The glorious Salutation, designed by Lutyens, where I often played as a child, and the best birthday party ever was held

And it’s curious how facts can get distorted. Carolyn’s cousin clan begins to discuss their family history, and her older sister Jan says, ‘Our great grandfather was a Brook.’ It’s noisy in the school hall, and Carolyn hears this as, ‘Our great grandfather was a crook’. I, on the other hand, hear it as ‘…was a drunk.’ We discover our mistakes just in time before his reputation is lost forever.

The cauldron of my own past is now being stirred with a long stick. As discussion progresses amongst the assembled guests, sediment from the bottom of the pot floats up and colours the liquid above, producing feelings, vague memories, things that I can almost taste and smell but not name.

We pore over photos, trying to sort out names and faces, and ponder the geography of the school, which has changed.
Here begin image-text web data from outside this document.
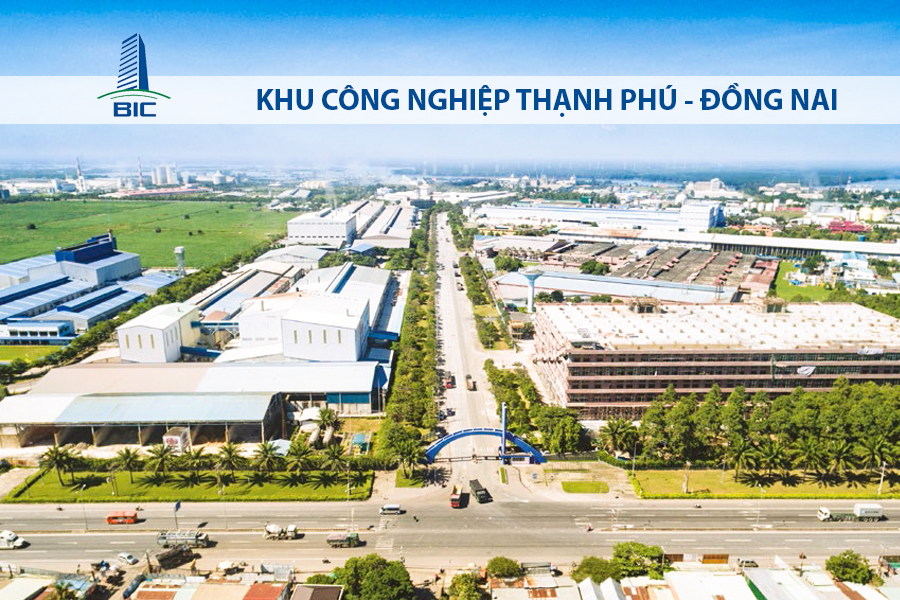 KHU CÔNG NGHIỆP THẠNH PHÚ - ĐỒNG NAI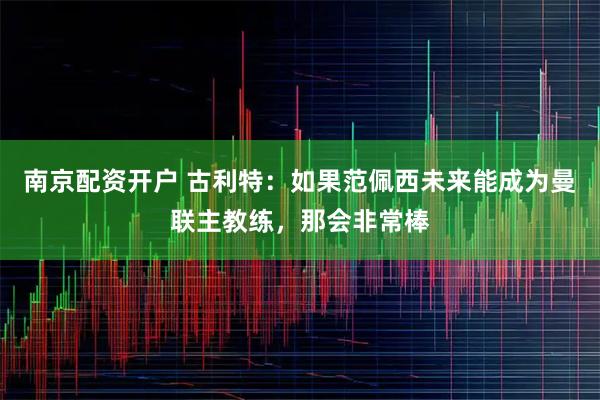 南京配资开户 古利特：如果范佩西未来能成为曼联主教练，那会非常棒
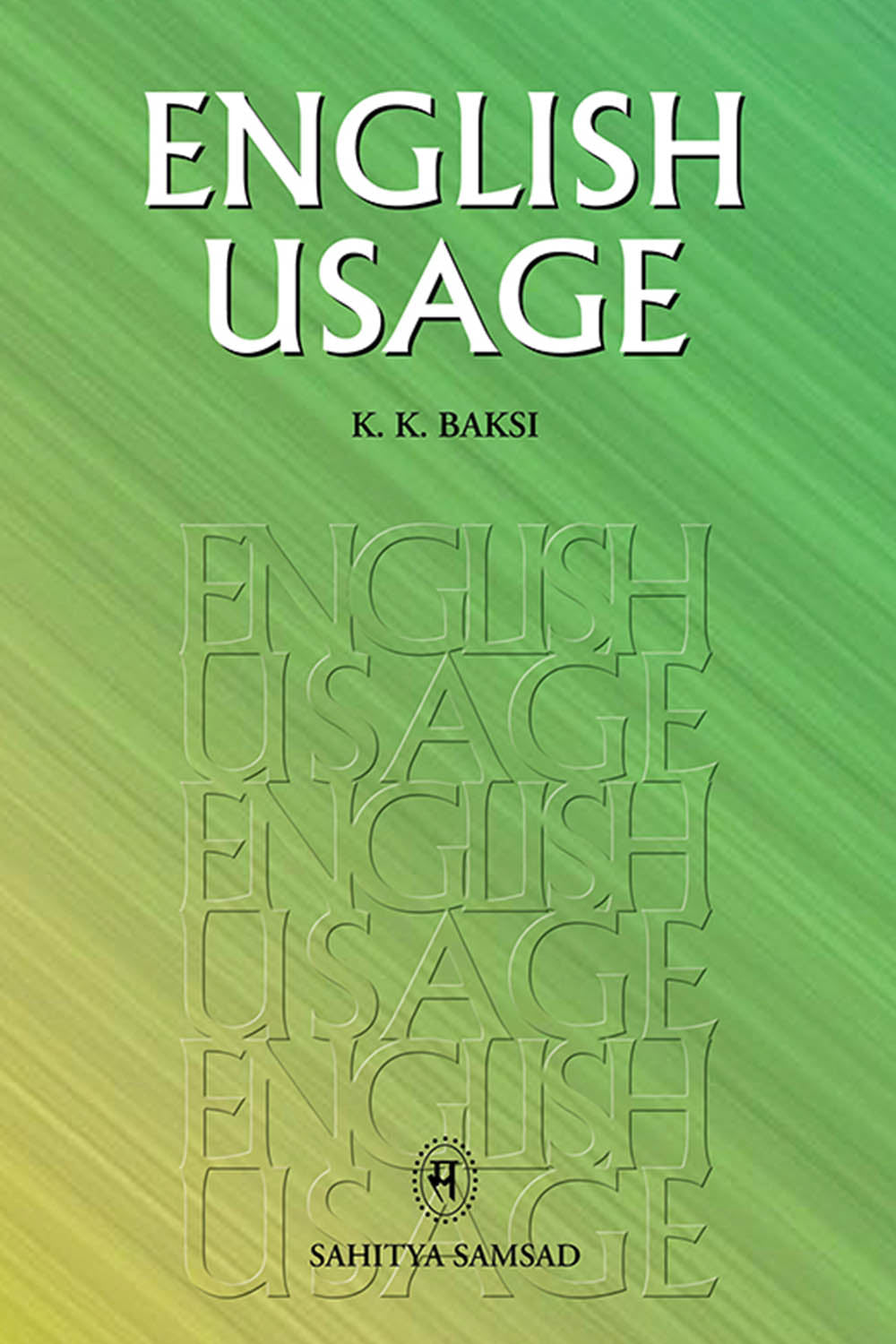 English Usage - K. K. Baksi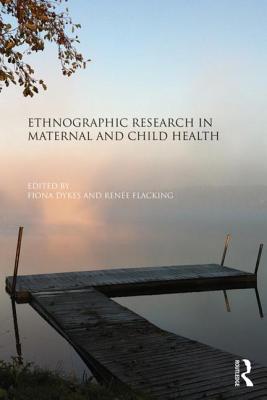 Ethnographic Research in Maternal and Child Health - Dykes, Fiona (Editor), and Flacking, Rene (Editor)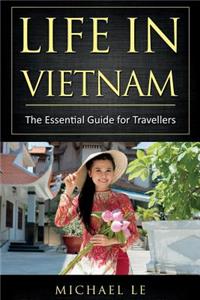 Life in Vietnam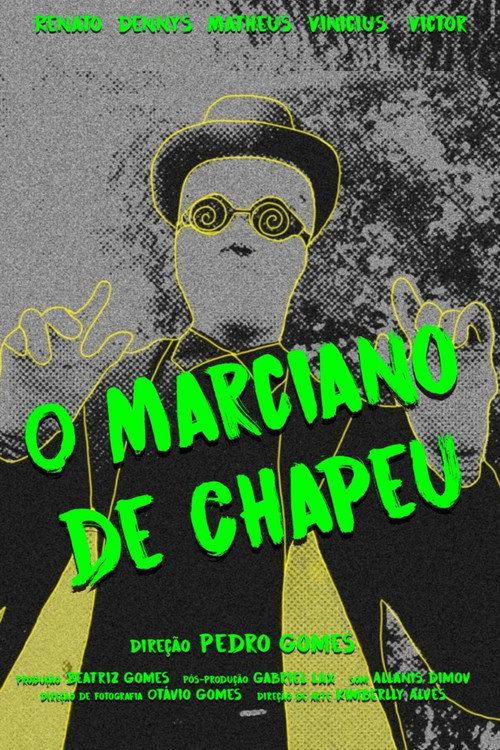 Movie poster for O Marciano de Chapéu (2024)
The playground is bigger now, but we recall its former shape, and how it held us all safely at break, the five-barred gate shut firmly while we played. How curious the games seemed to me when I first arrived at school, until I was initiated into them: ‘Farmer may I cross your Golden River?’ ‘What’s the Time Mr Wolf?’ ‘Grandmother’s Footsteps’ and ‘Witches and Fairies’. The agony when you waited to be chosen to be on someone’s side, and the excitement when you could finally take part. I also learnt fortune-telling by counting the stones on the plate after stewed prunes at lunchtime: Who will I marry? Tinker, tailor, soldier, sailor, rich man, poor man, beggar man, thief! What will I get married in? Silk, satin, cotton rags. How will I travel to the wedding? Coach, car, carriage, dustcart. I suspect this kick-started my later interests in Tarot cards and astrology!

A Press photographer turns up to take our picture. One joker rolls up his trousers to expose his knees, schoolboy style. I and another woman are asked to put our arms around his shoulders and tickle his knees for a close-up shot. Then we all line up, grinning broadly, with our remaining teacher sitting in the middle, arm raised, swinging the old school bell.

The bell is also used by Shirley the organiser to summon us to lunch. She reads out the old rules of the dining room. ‘Line up quietly. Say thank you. When you have eaten your first course, talk quietly to the person on your left.’ Etc. This is news to me! I recall none of it. But along with others, I remember the horror of being forced to drink a bottle of milk in break, sometimes warmed on icy mornings and tasting even more disgusting as a result. Once I found a drowned blackbird feather in it. (Mrs Thatcher, Milk Snatcher? Maybe you did schoolchildren a favour!) I remember too one of the boys being sick after eating stew for lunch, and how I was both fascinated and repelled at the pieces of carrot spewed over the floor.

Visual memories have stuck, too, for me and others there. We had different pictures of fruit and flowers for our coat pegs so we could identify them before we learnt to read. (But did I have a Cherry? Not sure.) We drew pictures for Bible Study – I had trouble with the table legs splaying out sideways for ‘The Feast of Canaan’, but I liked the idea of turning water into wine and threw myself into portraying the ancient story with coloured crayons. We learnt simple French using picture cards for each object. I remember the deep purple of the plum, and the soft velvet of the cushion, each image painted on a varnished and slightly yellowed card.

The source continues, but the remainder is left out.